=== Work instruction ===
Copy each line below as written, but skip the pictures.

START Record set

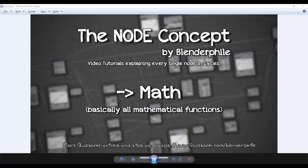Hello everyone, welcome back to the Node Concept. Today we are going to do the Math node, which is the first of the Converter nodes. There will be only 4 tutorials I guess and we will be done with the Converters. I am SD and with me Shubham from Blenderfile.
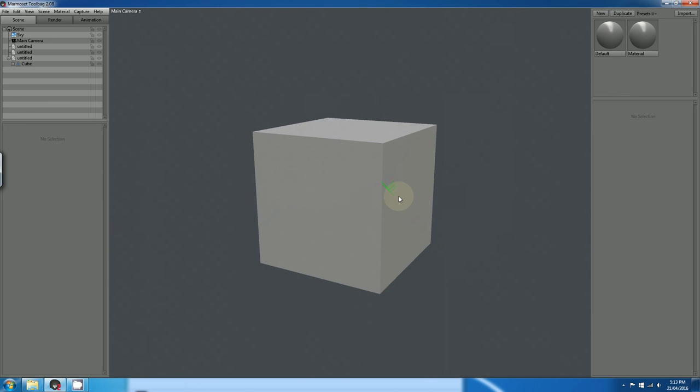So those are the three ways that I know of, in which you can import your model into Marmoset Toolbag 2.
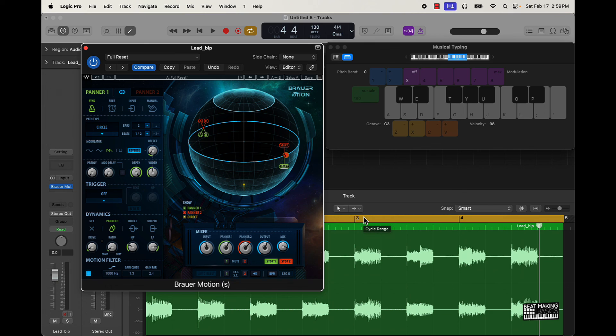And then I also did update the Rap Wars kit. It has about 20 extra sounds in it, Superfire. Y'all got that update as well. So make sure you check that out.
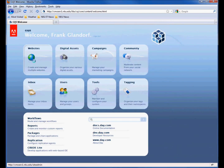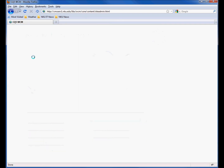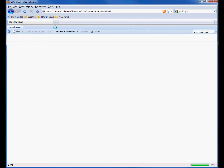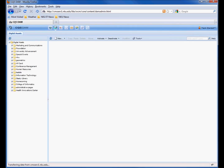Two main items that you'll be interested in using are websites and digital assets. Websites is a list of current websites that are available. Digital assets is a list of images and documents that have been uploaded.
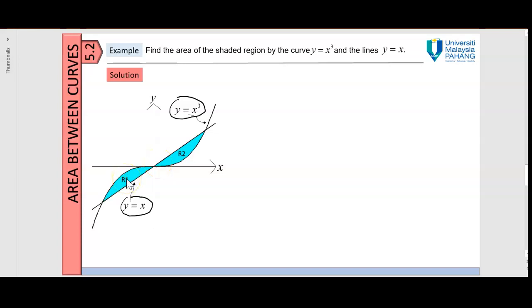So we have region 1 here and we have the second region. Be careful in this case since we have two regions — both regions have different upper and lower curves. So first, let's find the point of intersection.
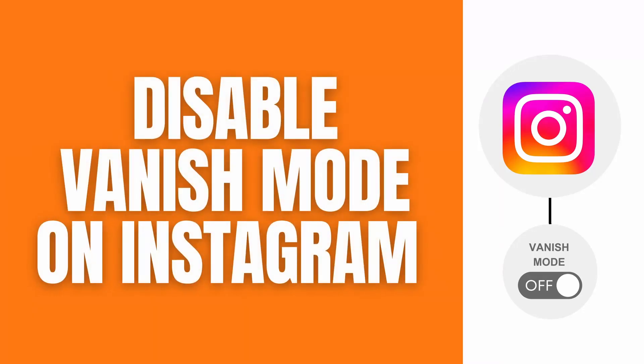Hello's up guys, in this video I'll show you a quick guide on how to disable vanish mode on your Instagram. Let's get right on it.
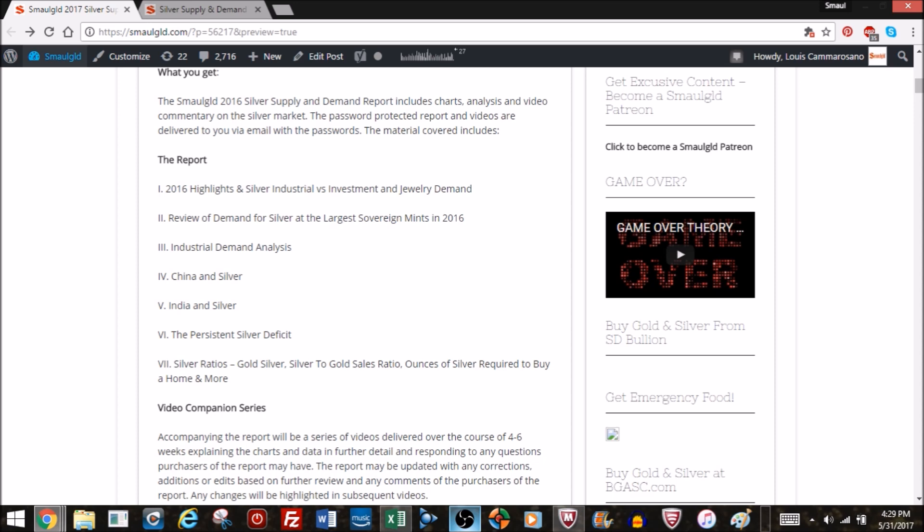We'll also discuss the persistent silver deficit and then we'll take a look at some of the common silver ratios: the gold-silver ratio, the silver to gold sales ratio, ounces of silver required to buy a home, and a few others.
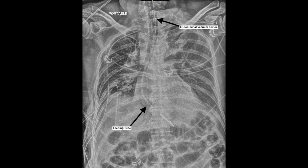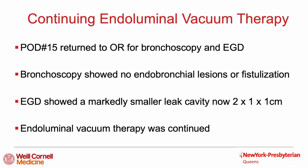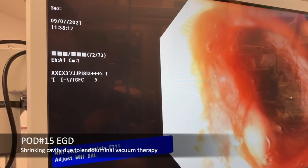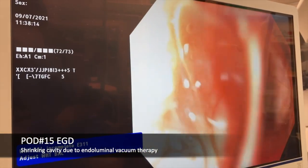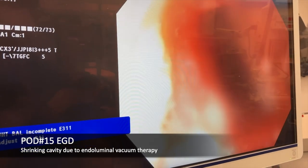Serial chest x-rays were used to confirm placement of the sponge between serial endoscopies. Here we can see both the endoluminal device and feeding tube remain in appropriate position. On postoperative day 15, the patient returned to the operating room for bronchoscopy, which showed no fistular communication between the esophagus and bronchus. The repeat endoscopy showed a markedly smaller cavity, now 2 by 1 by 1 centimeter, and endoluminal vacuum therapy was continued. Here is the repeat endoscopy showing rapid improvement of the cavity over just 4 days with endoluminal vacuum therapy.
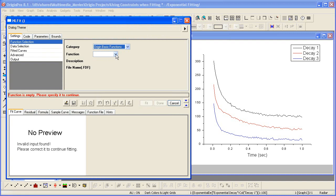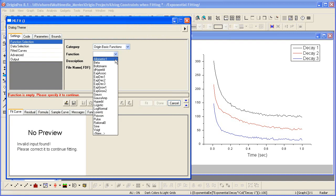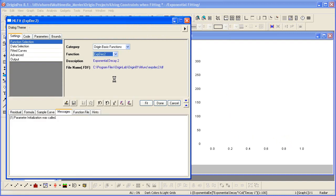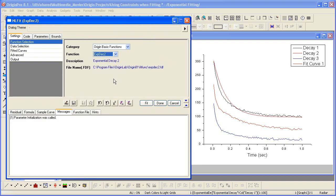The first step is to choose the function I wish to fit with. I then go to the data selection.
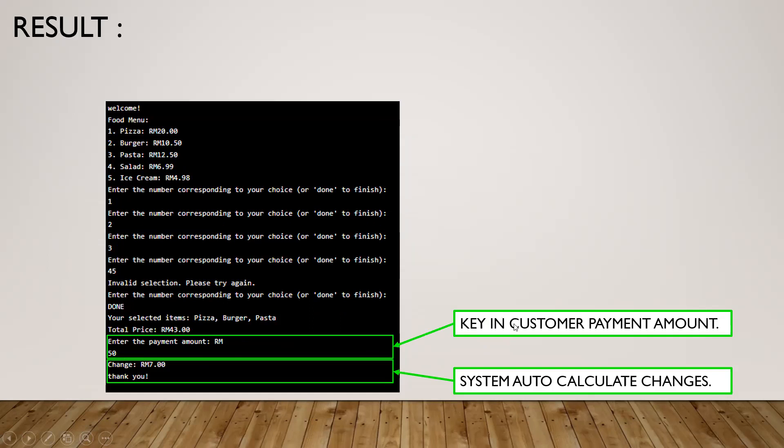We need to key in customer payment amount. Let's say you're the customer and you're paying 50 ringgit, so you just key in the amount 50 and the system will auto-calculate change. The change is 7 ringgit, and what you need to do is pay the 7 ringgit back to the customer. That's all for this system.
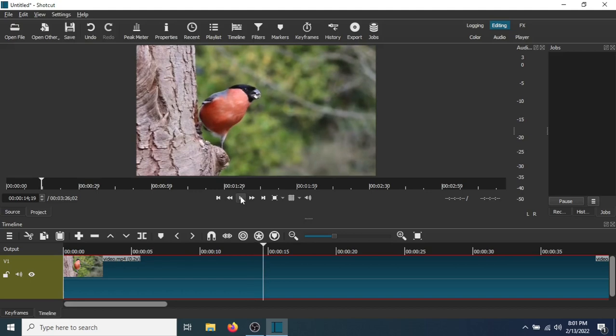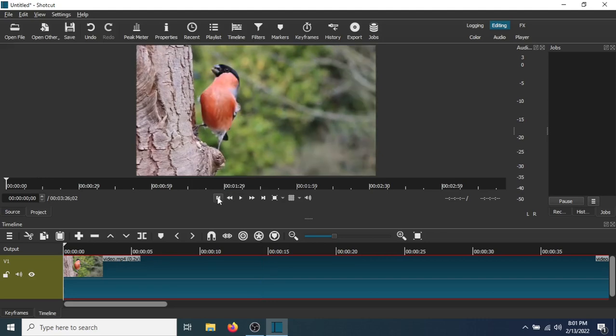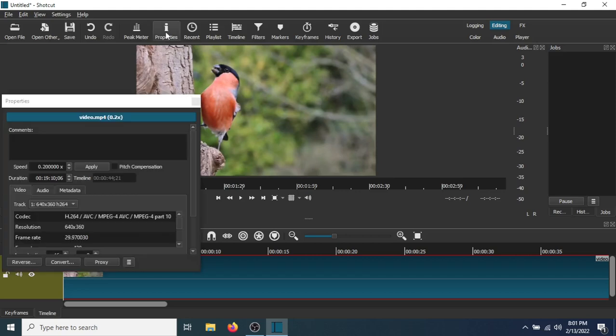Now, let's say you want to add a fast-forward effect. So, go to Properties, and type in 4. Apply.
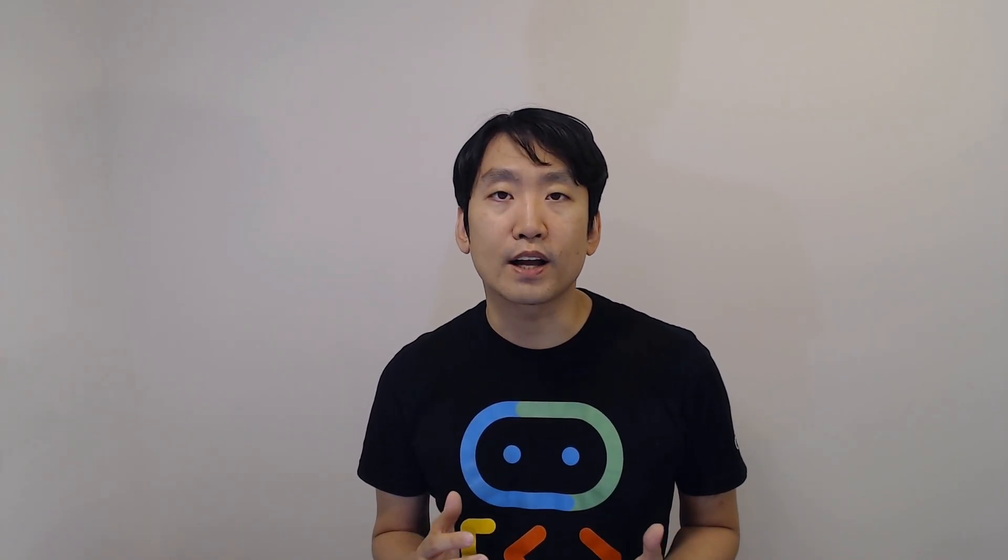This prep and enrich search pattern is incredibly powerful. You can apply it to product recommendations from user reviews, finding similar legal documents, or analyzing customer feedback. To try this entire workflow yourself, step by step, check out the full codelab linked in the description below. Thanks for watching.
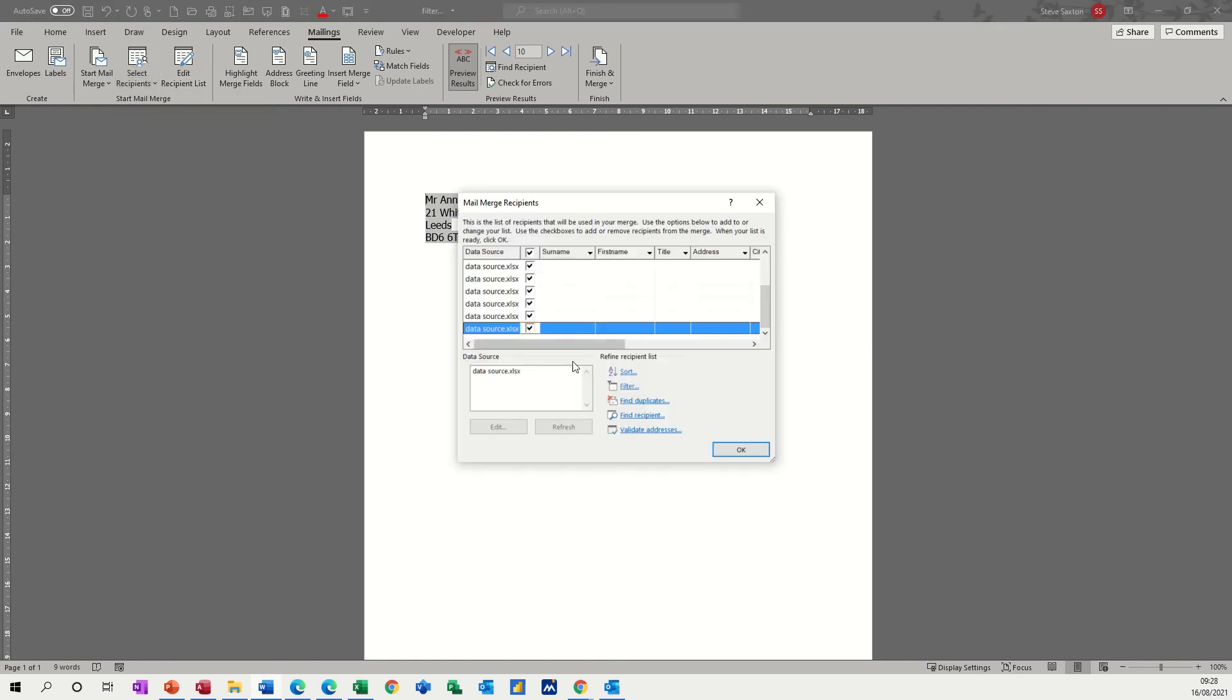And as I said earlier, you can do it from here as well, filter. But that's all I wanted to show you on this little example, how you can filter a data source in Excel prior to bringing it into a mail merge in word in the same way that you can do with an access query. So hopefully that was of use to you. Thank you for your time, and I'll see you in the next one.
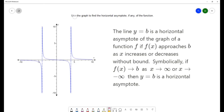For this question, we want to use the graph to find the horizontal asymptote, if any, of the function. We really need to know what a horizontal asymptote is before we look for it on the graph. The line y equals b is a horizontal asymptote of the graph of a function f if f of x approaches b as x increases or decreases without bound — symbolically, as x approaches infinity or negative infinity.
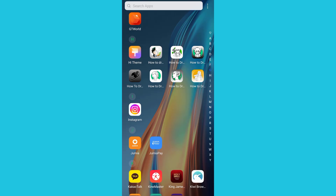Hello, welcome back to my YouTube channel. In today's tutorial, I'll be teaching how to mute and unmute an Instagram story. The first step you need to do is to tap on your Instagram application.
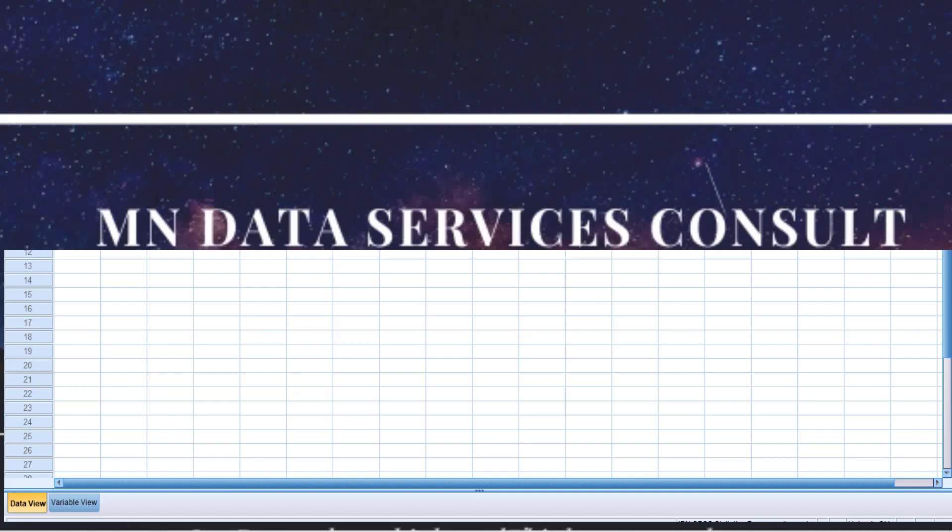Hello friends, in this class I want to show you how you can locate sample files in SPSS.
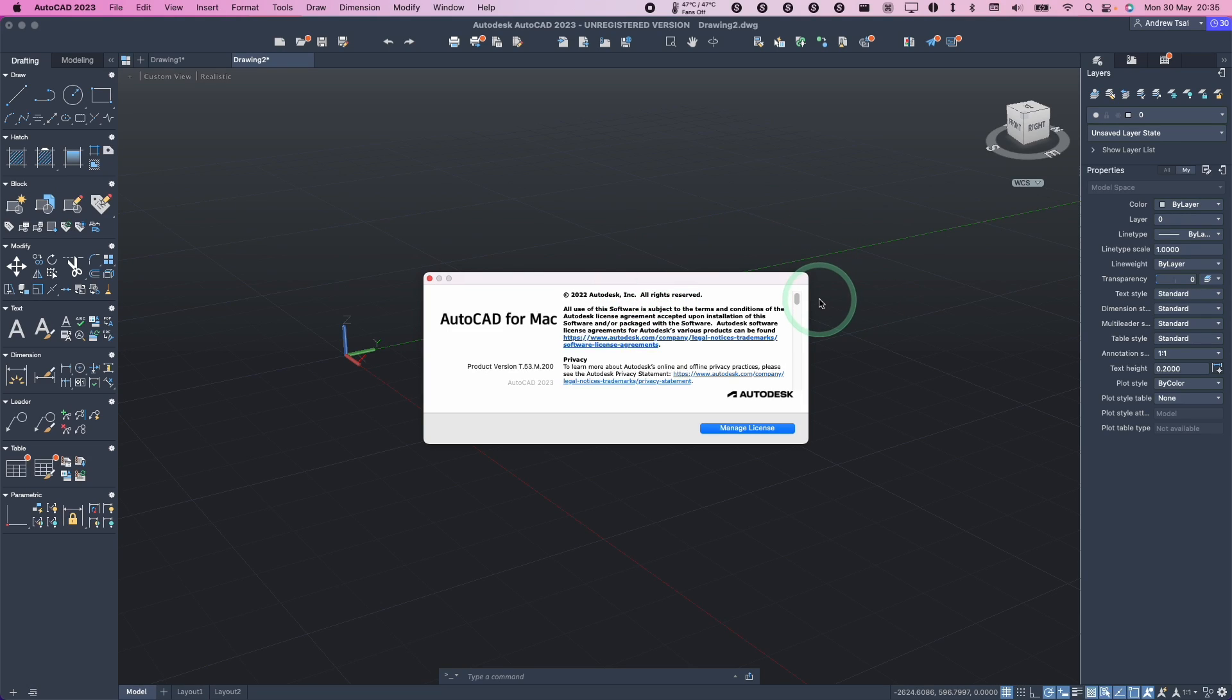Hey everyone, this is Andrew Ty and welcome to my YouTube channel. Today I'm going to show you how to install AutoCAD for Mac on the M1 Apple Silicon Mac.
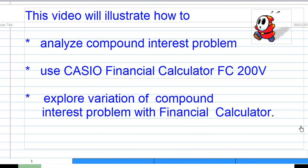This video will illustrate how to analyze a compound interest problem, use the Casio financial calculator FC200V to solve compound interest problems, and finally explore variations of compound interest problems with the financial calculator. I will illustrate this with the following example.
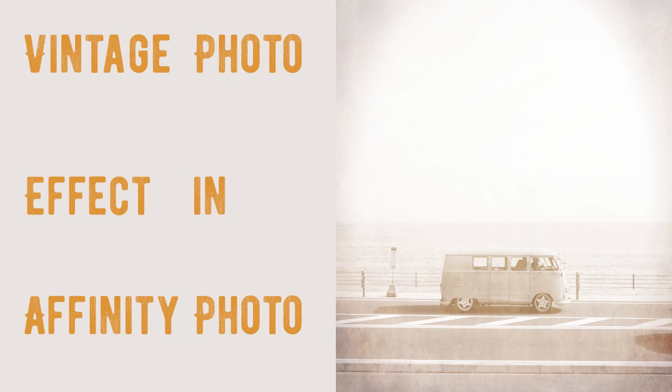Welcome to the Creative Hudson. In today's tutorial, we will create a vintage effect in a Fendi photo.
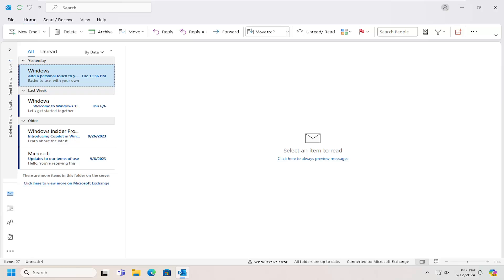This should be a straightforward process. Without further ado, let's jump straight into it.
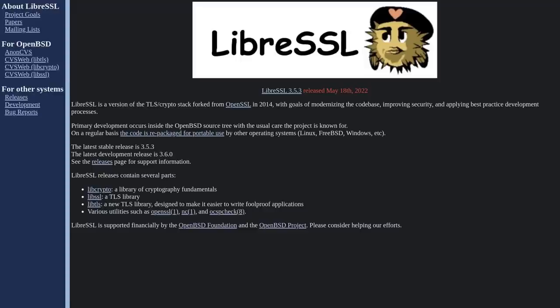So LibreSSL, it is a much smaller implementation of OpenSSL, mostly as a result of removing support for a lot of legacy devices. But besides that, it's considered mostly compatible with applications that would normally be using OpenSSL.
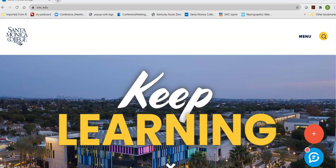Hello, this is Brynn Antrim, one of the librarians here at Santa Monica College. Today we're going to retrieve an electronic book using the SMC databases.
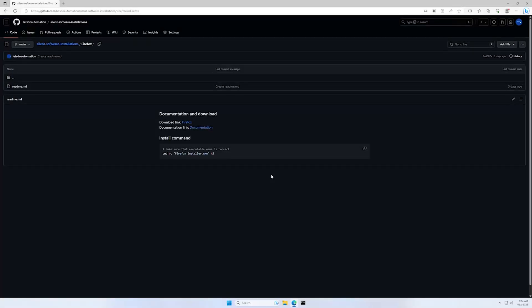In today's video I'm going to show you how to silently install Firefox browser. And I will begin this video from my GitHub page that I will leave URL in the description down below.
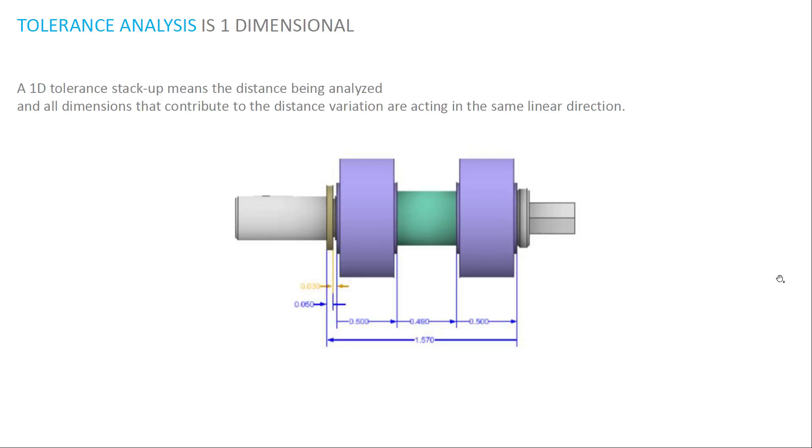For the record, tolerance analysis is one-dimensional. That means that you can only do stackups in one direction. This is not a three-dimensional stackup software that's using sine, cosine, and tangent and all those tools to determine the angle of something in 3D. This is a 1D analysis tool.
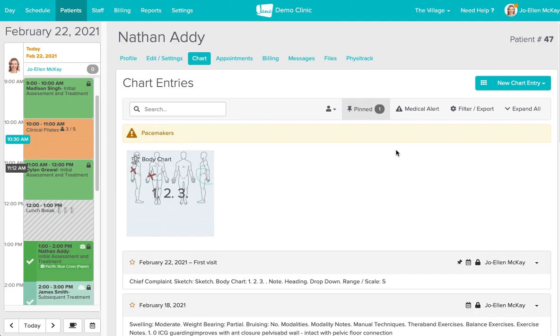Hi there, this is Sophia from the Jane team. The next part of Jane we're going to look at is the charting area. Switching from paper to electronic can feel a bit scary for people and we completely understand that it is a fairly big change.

END Record set

=== Result of the task ===
Hello everyone, welcome back to the Node Concept. Today we are going to do the Math node, which is the first of the Converter nodes. There will be only 4 tutorials I guess and we will be done with the Converters. I am SD and with me Shubham from Blenderfile.
So those are the three ways that I know of, in which you can import your model into Marmoset Toolbag 2.
And then I also did update the Rap Wars kit. It has about 20 extra sounds in it, Superfire. Y'all got that update as well. So make sure you check that out.
Two main items that you'll be interested in using are websites and digital assets. Websites is a list of current websites that are available. Digital assets is a list of images and documents that have been uploaded.
So we have region 1 here and we have the second region. Be careful in this case since we have two regions — both regions have different upper and lower curves. So first, let's find the point of intersection.
Hello's up guys, in this video I'll show you a quick guide on how to disable vanish mode on your Instagram. Let's get right on it.
We'll also discuss the persistent silver deficit and then we'll take a look at some of the common silver ratios: the gold-silver ratio, the silver to gold sales ratio, ounces of silver required to buy a home, and a few others.
Serial chest x-rays were used to confirm placement of the sponge between serial endoscopies. Here we can see both the endoluminal device and feeding tube remain in appropriate position. On postoperative day 15, the patient returned to the operating room for bronchoscopy, which showed no fistular communication between the esophagus and bronchus. The repeat endoscopy showed a markedly smaller cavity, now 2 by 1 by 1 centimeter, and endoluminal vacuum therapy was continued. Here is the repeat endoscopy showing rapid improvement of the cavity over just 4 days with endoluminal vacuum therapy.
The first step is to choose the function I wish to fit with. I then go to the data selection.
We need to key in customer payment amount. Let's say you're the customer and you're paying 50 ringgit, so you just key in the amount 50 and the system will auto-calculate change. The change is 7 ringgit, and what you need to do is pay the 7 ringgit back to the customer. That's all for this system.
Now, let's say you want to add a fast-forward effect. So, go to Properties, and type in 4. Apply.
This prep and enrich search pattern is incredibly powerful. You can apply it to product recommendations from user reviews, finding similar legal documents, or analyzing customer feedback. To try this entire workflow yourself, step by step, check out the full codelab linked in the description below. Thanks for watching.
And as I said earlier, you can do it from here as well, filter. But that's all I wanted to show you on this little example, how you can filter a data source in Excel prior to bringing it into a mail merge in word in the same way that you can do with an access query. So hopefully that was of use to you. Thank you for your time, and I'll see you in the next one.
For this question, we want to use the graph to find the horizontal asymptote, if any, of the function. We really need to know what a horizontal asymptote is before we look for it on the graph. The line y equals b is a horizontal asymptote of the graph of a function f if f of x approaches b as x increases or decreases without bound — symbolically, as x approaches infinity or negative infinity.
Hello, welcome back to my YouTube channel. In today's tutorial, I'll be teaching how to mute and unmute an Instagram story. The first step you need to do is to tap on your Instagram application.
Hello friends, in this class I want to show you how you can locate sample files in SPSS.
Hey everyone, this is Andrew Ty and welcome to my YouTube channel. Today I'm going to show you how to install AutoCAD for Mac on the M1 Apple Silicon Mac.
This video will illustrate how to analyze a compound interest problem, use the Casio financial calculator FC200V to solve compound interest problems, and finally explore variations of compound interest problems with the financial calculator. I will illustrate this with the following example.
Welcome to the Creative Hudson. In today's tutorial, we will create a vintage effect in a Fendi photo.
This should be a straightforward process. Without further ado, let's jump straight into it.
So LibreSSL, it is a much smaller implementation of OpenSSL, mostly as a result of removing support for a lot of legacy devices. But besides that, it's considered mostly compatible with applications that would normally be using OpenSSL.
Hello, this is Brynn Antrim, one of the librarians here at Santa Monica College. Today we're going to retrieve an electronic book using the SMC databases.
In today's video I'm going to show you how to silently install Firefox browser. And I will begin this video from my GitHub page that I will leave URL in the description down below.
For the record, tolerance analysis is one-dimensional. That means that you can only do stackups in one direction. This is not a three-dimensional stackup software that's using sine, cosine, and tangent and all those tools to determine the angle of something in 3D. This is a 1D analysis tool.
Hi there, this is Sophia from the Jane team. The next part of Jane we're going to look at is the charting area. Switching from paper to electronic can feel a bit scary for people and we completely understand that it is a fairly big change.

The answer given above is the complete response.